Tuesday, February 25th, 2014 Posted by Jim Thacker

Allegorithmic releases Substance Designer 4.1


Allegorithmic’s teaser video for Substance Designer 4, a major update to its games texture-creation tool. The software includes new toolsets designed to reflect the rise of physically based rendering in next-gen titles.

Originally posted on 28 November 2014. Scroll down for details of the 4.1 update.

Allegorithmic has released Substance Designer 4, a significant update to its games texture-creation tool.

The developer describes the release, with some justification, as “the first texturing tool devoted to next gen”, with new features including material layering, physically based shading and procedural weathering effects.

Procedural texture authoring for standard games tools
Substance Designer provides a non-destructive, node-based system for authoring lightweight procedural textures, or ‘substances’. Substances are supported in 3ds Max, Maya, Modo and Unity.

Textures can also be exported a standard bitmap texture maps, for use in any 3D software package: a process Allegorithmic estimates represents an “80 to 90 per cent” time saving over painting everything by hand.


Workflow in Substance Designer 4, showing the new PBR shader, layered materials and procedural weathering.

Version 4 of the software provides toolsets designed to reflect the increasing use of physically based shading and rendering (PBR) in current PC titles and those for next-gen consoles like Xbox One and PlayStation 4.

The update adds a readymade PBR GLSL shader that can be applied to a mesh within Substance Designer, enabling the user to preview the mesh within the software’s 3D viewport, complete with image-based lighting.

The textured model should render almost identically in-game, and in standard tools like Marmoset Toolbag, version 2 of which incorporates the Substance engine.

Instant procedural weathering, scratches and corrosion
Substance Designer also includes a range of readymade filters designed to automatically simulate effects like edge wear, scratches, dust, corrosion and surface grease.

The filters use maps baked procedurally inside Substance Designer from the mesh geometry – such as ambient occlusion, world space normal and surface curvature – to expose underlying layers of multi-layered materials.

The workflow is similar to that used by Epic Games in Unreal Engine 4, which integrates the Substance runtime.

Quicker, reusable material networks
Other new features in Substance Designer 4 include the option to collapse all of the inputs or outputs of a material node into one, making it quicker to wire up node networks.

The software also includes a new Multi-Material Blend filter to control which parts of a mesh individual materials are applied to. The filter uses mesh vertex colour data to control where materials are assigned, in the same way that a Material ID pass could be used during the compositing process.

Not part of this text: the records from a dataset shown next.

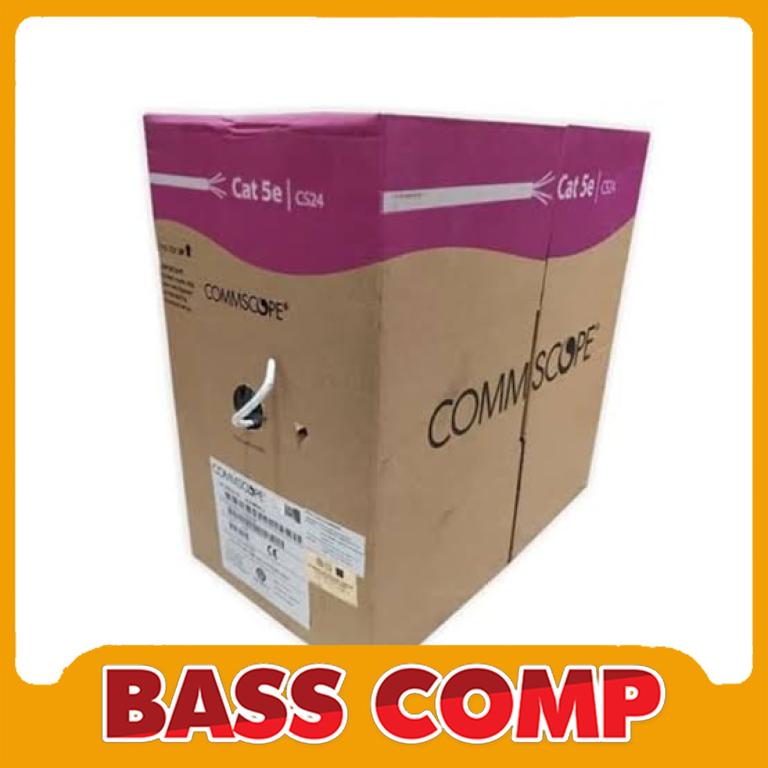 KABEL COMMSCOPE CAT. 5E UTP 1000FT #1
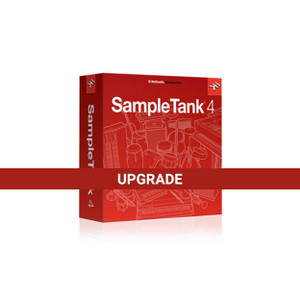 IK Multimedia SampleTank 4 Upgrade (Download) 3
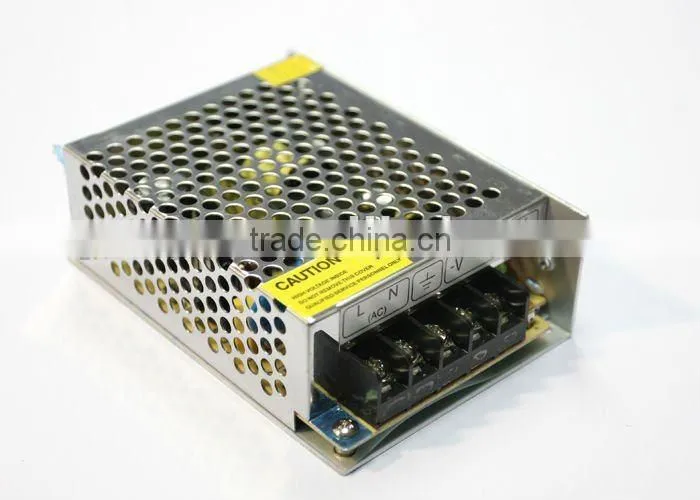 28W 5.5A Switching Power Supply 100~120V/200~240V AC input 5V Output PY-5V5.5A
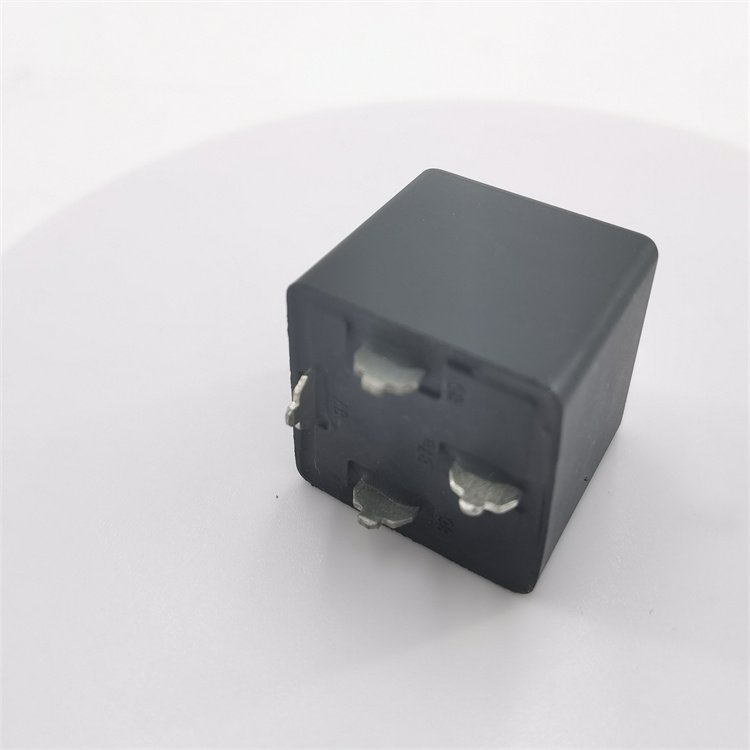 FRJQX-27FA Small Dc Power Electromagnetic Relay for Automatically Cutting off Power When Starting a Car Car Relay 12V 50A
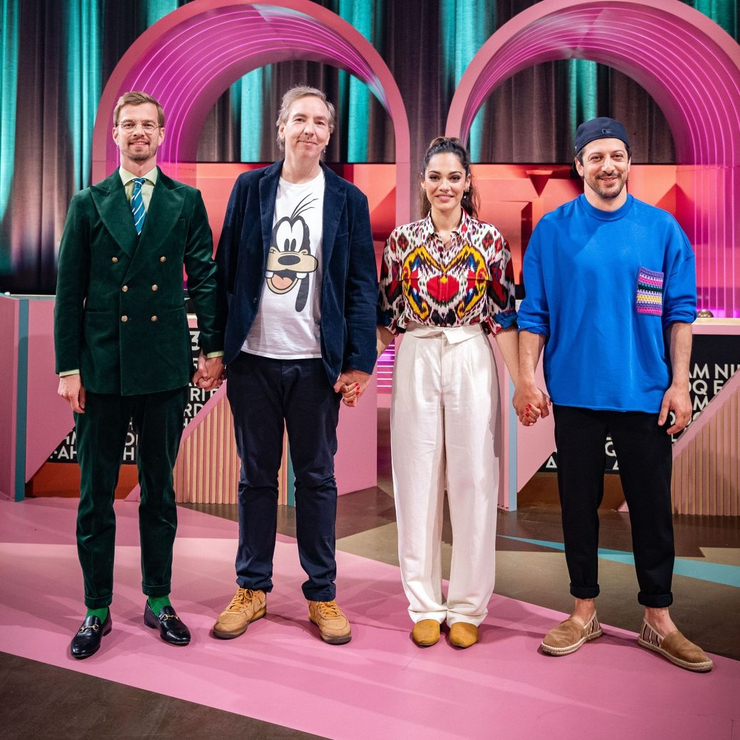 Image of Wer stiehlt mir die Show?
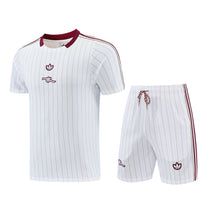 Maillot et short d'entraînement Arsenal 26/27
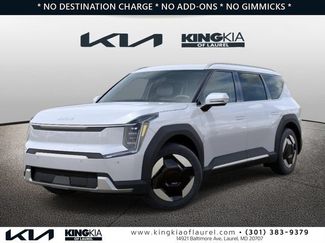 New 2026 Kia EV9 Wind AWD/4WD video 1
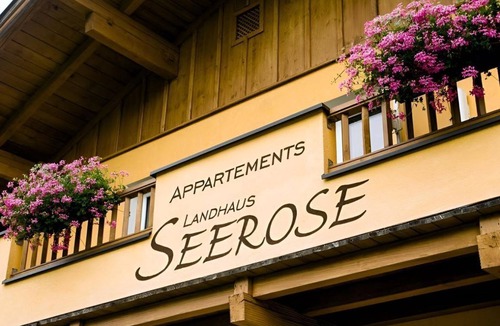 Seefeld Pedestrian Zone Apartment | Apartment type B - Landhaus Seerose
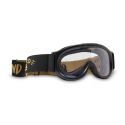 Maschera Dmd Ghost Per Caschi Vintage, Racer E Seventyfive Trasparente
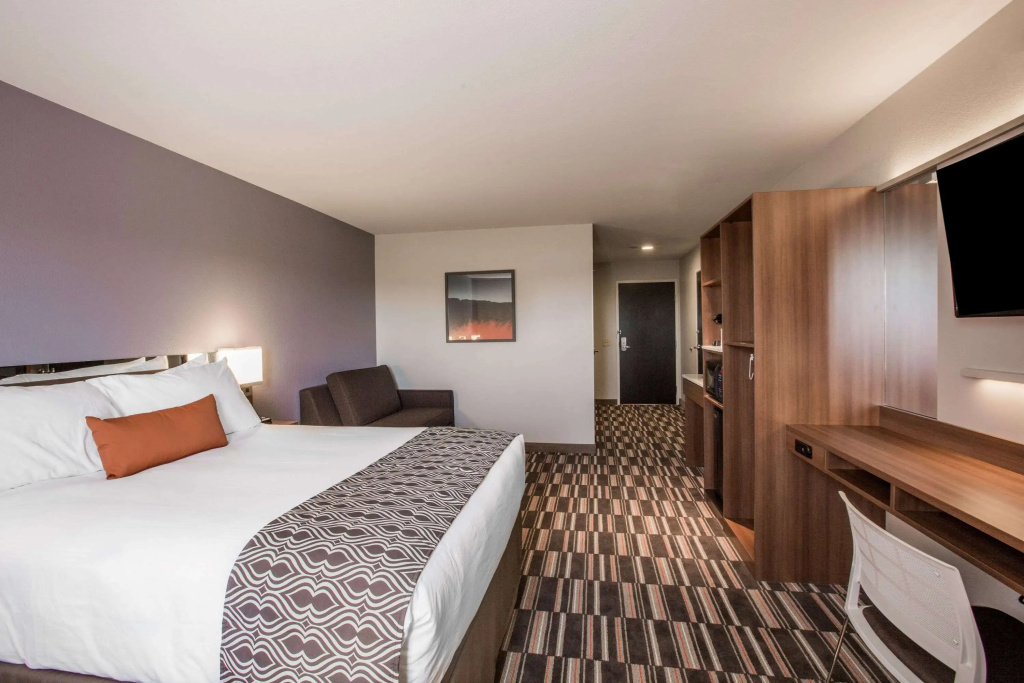 Microtel Inn & Suites by Wyndham Tioga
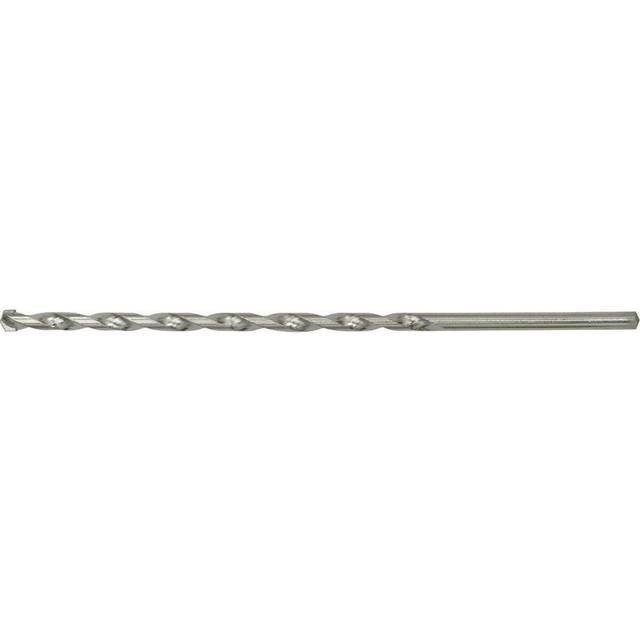 5 x 150mm Rotary Impact Drill Bit - Straight Shank - Masonry Material Drill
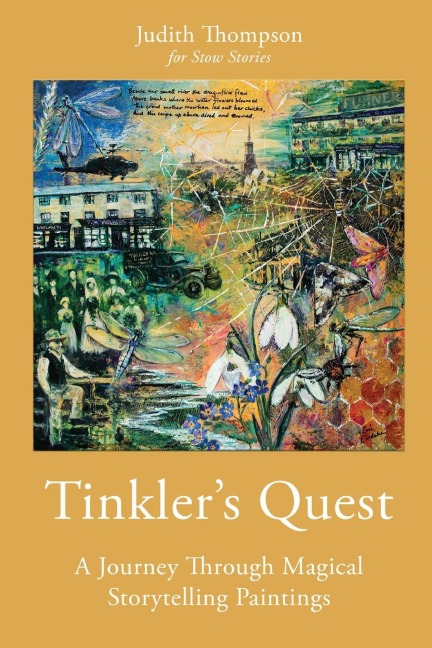 Tinklers Quest: A Journey Through Magical Storytelling Paintings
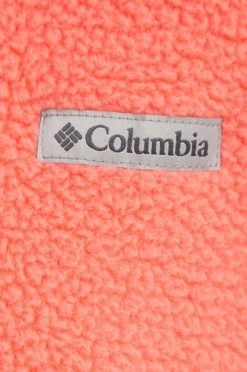 Γυναικεία Χωρίς φερμουάρ Μπλούζα Columbia πορτοκαλί, -Columbia Εκπτώσεις unnamed file 708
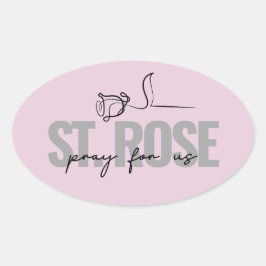 St. Roos Sticker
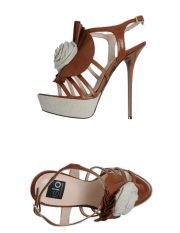 ISLO ISABELLA LORUSSO - Sandales avec plateau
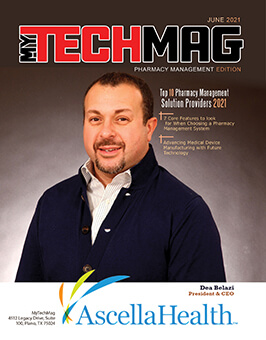 MYTECHMAG Pharmacy Benefit Management Edition JUN 2021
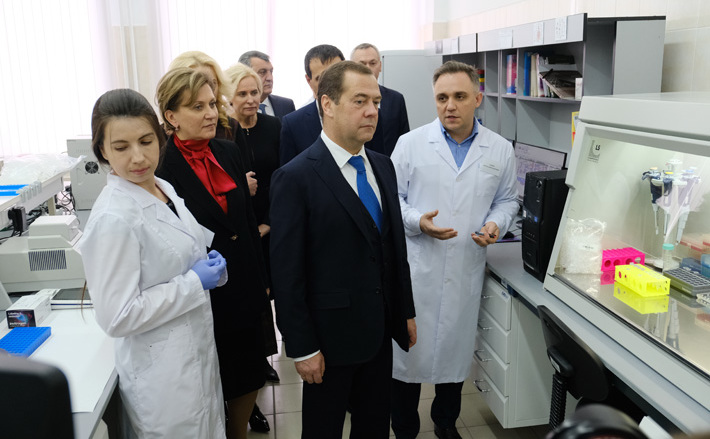 Фото пресс-службы правительства НСО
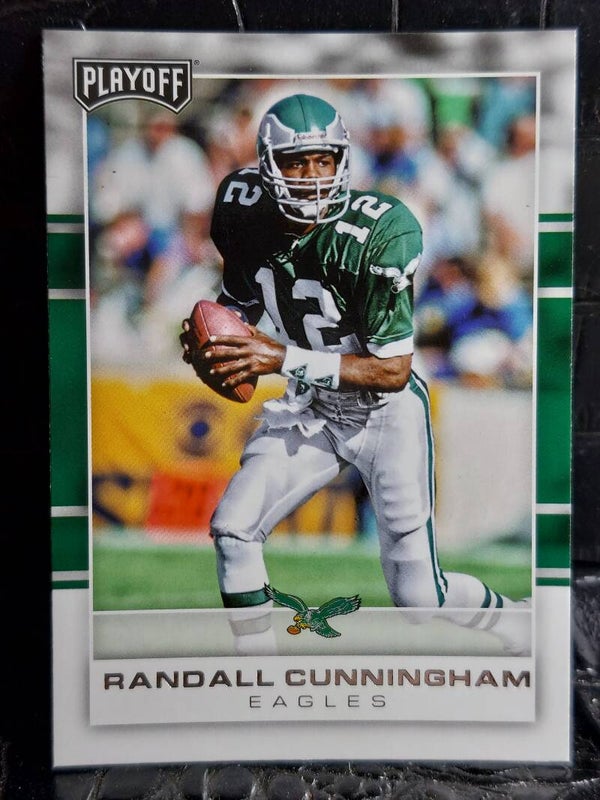 Randall Cunningham 2017 #165 Panini Philadelphia Eagles MFBC #116
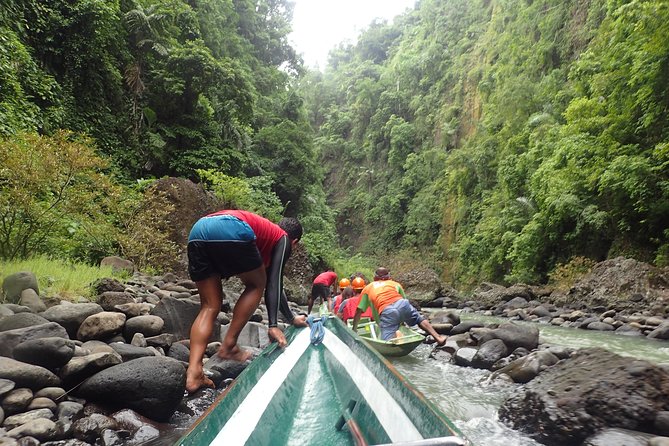Pagsanjan Falls-Taal Volcano-Tagaytay ultimate Day Tour frm MNL - Why this Manila day trip is unusual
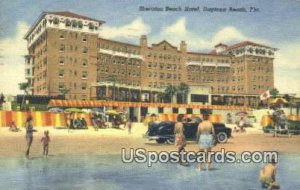 Sheraton Beach Hotel - Daytona Beach, Florida FL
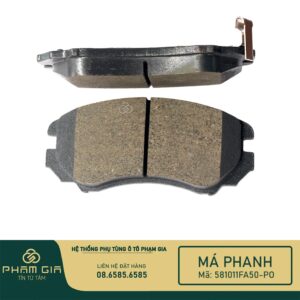 MA PHANH TRUOC 581011FA50-PO
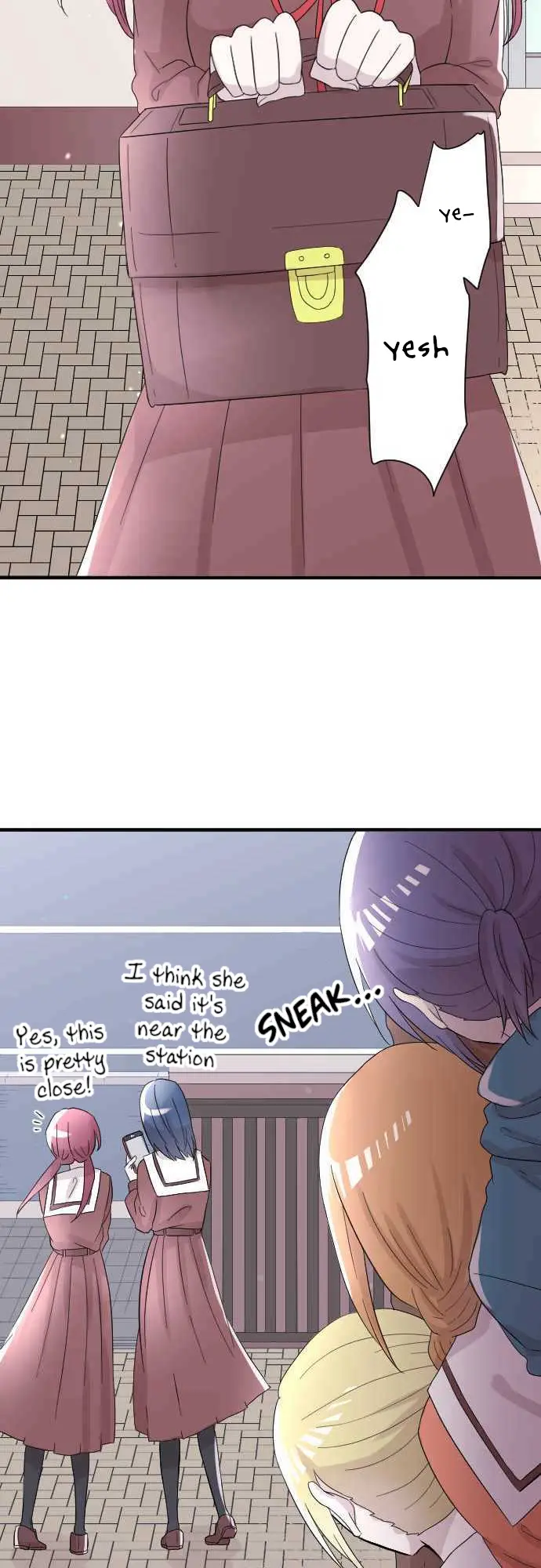 Springtime Of Girls Chapter 5 - page 10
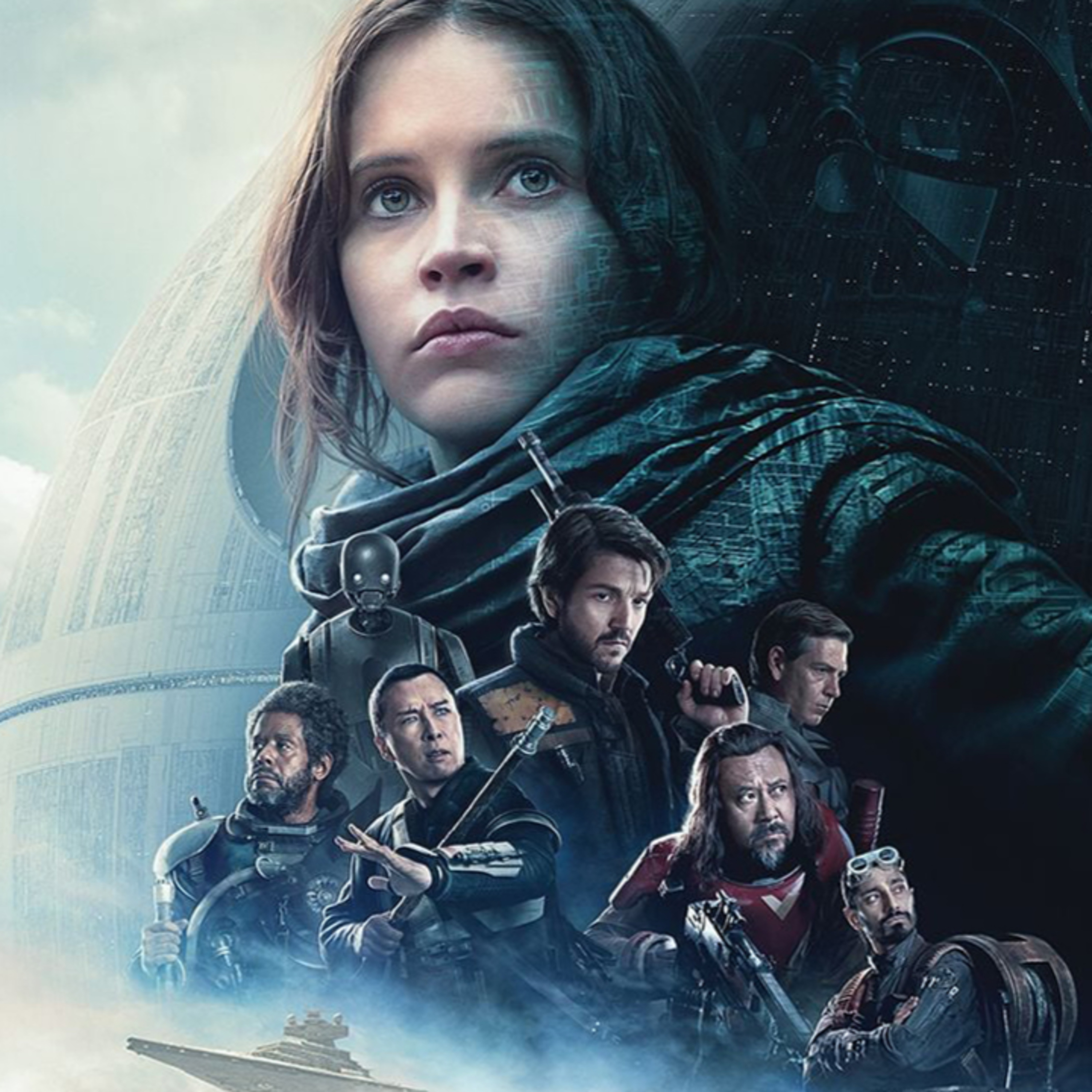 J'ai revu ROGUE ONE après avoir fini ANDOR ! (Critique)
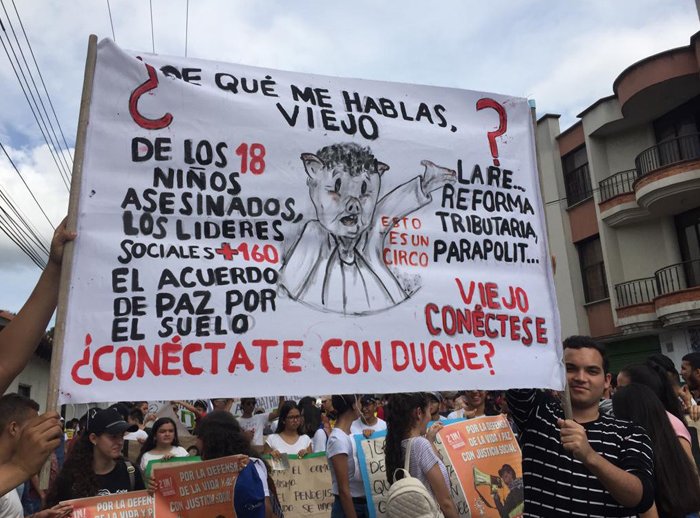 Alfredo Estévez/La Opinión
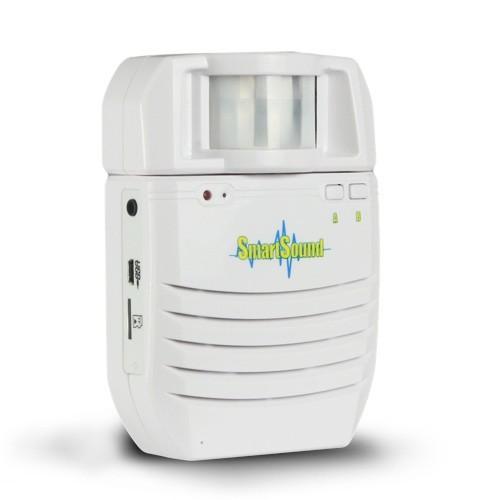 Cheap COMER Speaker Public Voice Broadcaster Security Motion Sensor Alarm for sale
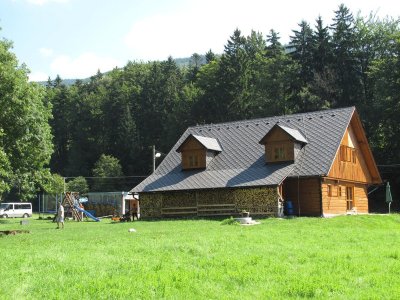Roubenka Dolní Morava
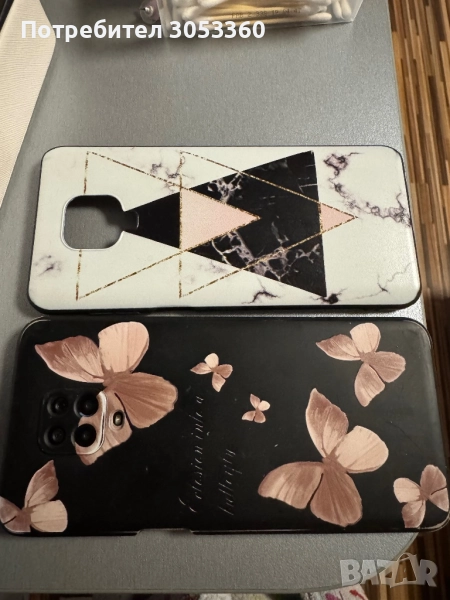 Кейс/ Гръб за телефон Redmi note 9pro Samsung Galaxy A03, снимка 1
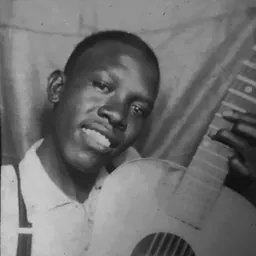 Portrait of Robert Johnson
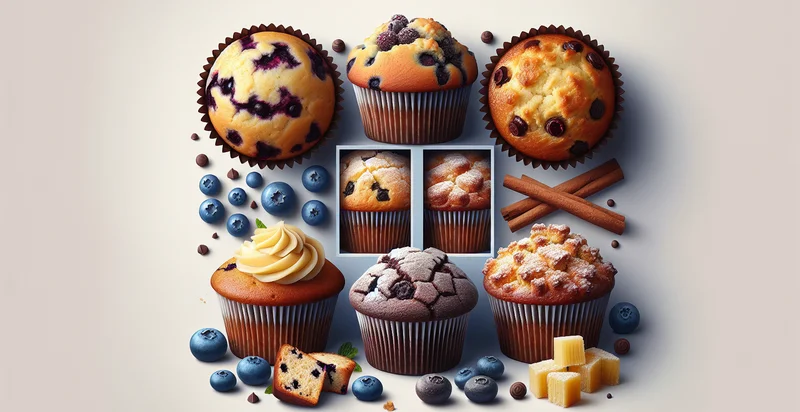 muffin types identifier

This mask can be generated procedurally or manually: for example, by Polypainting a model in ZBrush.

Once created, a Substance Designer node network can be used as a template for multiple models. By updating the mesh and selecting the ‘Refresh all baked map’ command, an existing set of materials and weathering effects can be applied near-instantly to a new asset.

Pricing and availability
Substance Designer 4 is available for Windows XP+ and Mac OS X 10.6+. A commercial licence costs $590.


The first of Allegorithmic’s eight new video tutorials on using Substance Designer 4. The developer has just released version 4.1 of the software, adding the ability to group nodes, and more baking options.

Updated 25 February 2014: Substance Designer 4.1 is out. New features include the ability to group nodes to simplify Substance graphs; new baking options, including the option to bake bent normals and AO from a mesh; and the ability to export Substance files with dependencies, facilitating collaboration.

Allegorithmic has also posted a set of eight video tutorials on how to use the software, beginning with an overview of how Substances work, and moving through the workflow for creating, editing and publishing them.